* **What is expected**: Through the line with "Etro Double Breasted" and starting from the first line, return the records below word for word, with pictures left out.

* **Exercise input**:
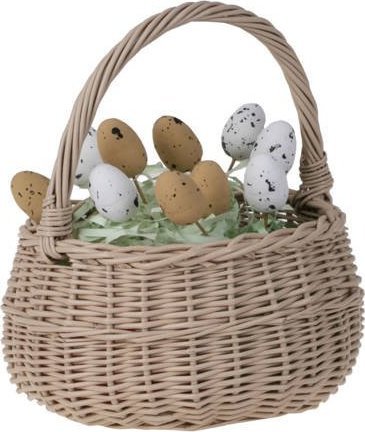 WickerPL Decor OKRĄGŁY WIKLINOWY WIELKANOCNY KOSZYK DLA DZIECKA :15 H 10/20 CM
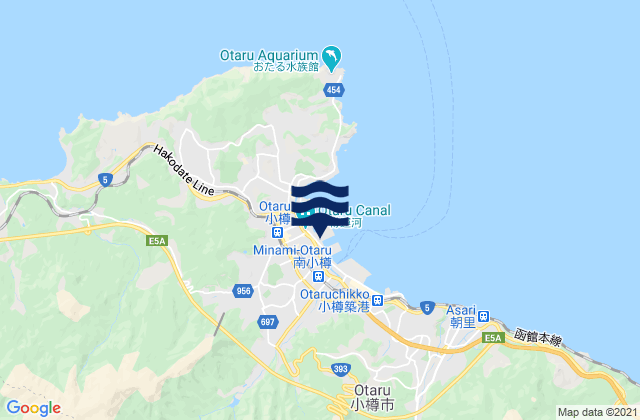 Otaru, Japan tide times map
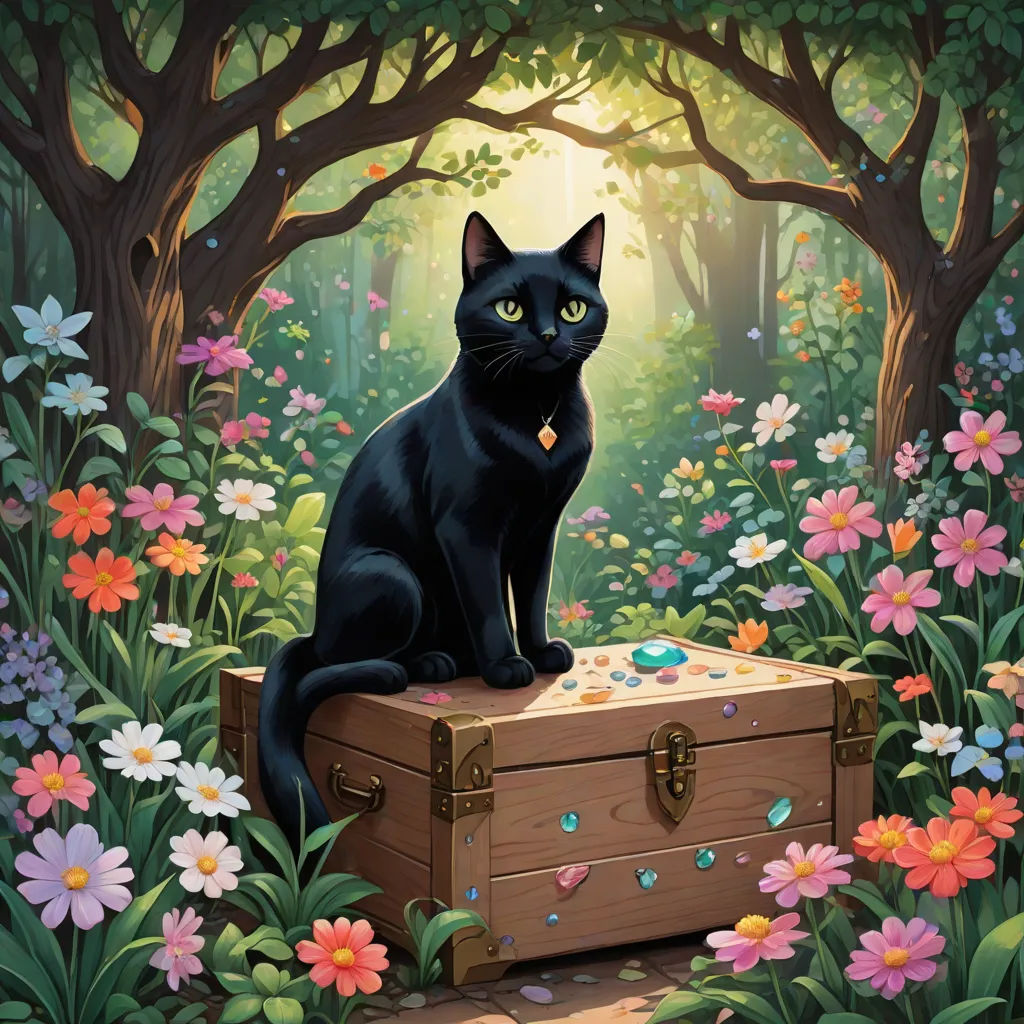 a black cat sitting on top of a trunk in a forest filled with flowers and trees with a forest background, fantasy art, a storybook illustration, Drew Struzan, official art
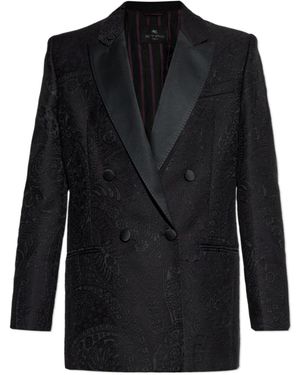 Etro Double Breasted Floral Paisley Motif Blazer - Black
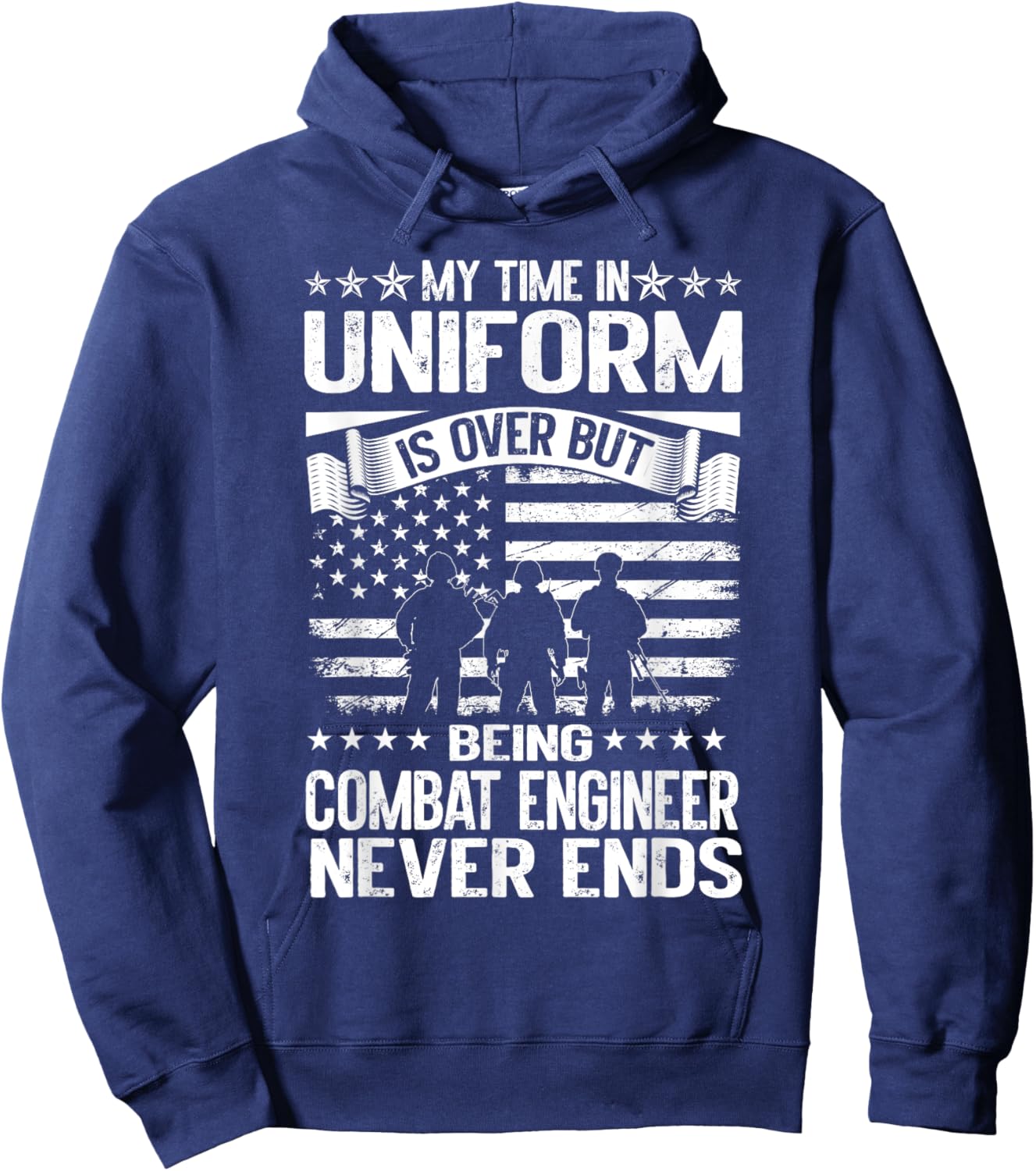 Combat Engineer Veteran Engineering Veteran's Day Hoodie - Hoodie | Navy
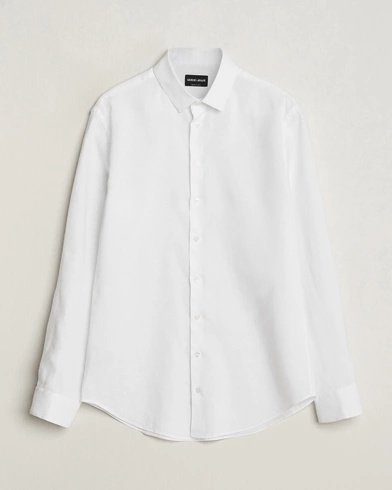  Slim Fit Linen Shirt White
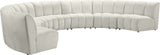 Infinity Velvet / Engineered Wood / Foam Contemporary Cream Velvet 7pc. Modular Sectional - 183" W x 104" D x 33" H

* **Task result**:
 WickerPL Decor OKRĄGŁY WIKLINOWY WIELKANOCNY KOSZYK DLA DZIECKA :15 H 10/20 CM
 Otaru, Japan tide times map
 a black cat sitting on top of a trunk in a forest filled with flowers and trees with a forest background, fantasy art, a storybook illustration, Drew Struzan, official art
 Etro Double Breasted Floral Paisley Motif Blazer - Black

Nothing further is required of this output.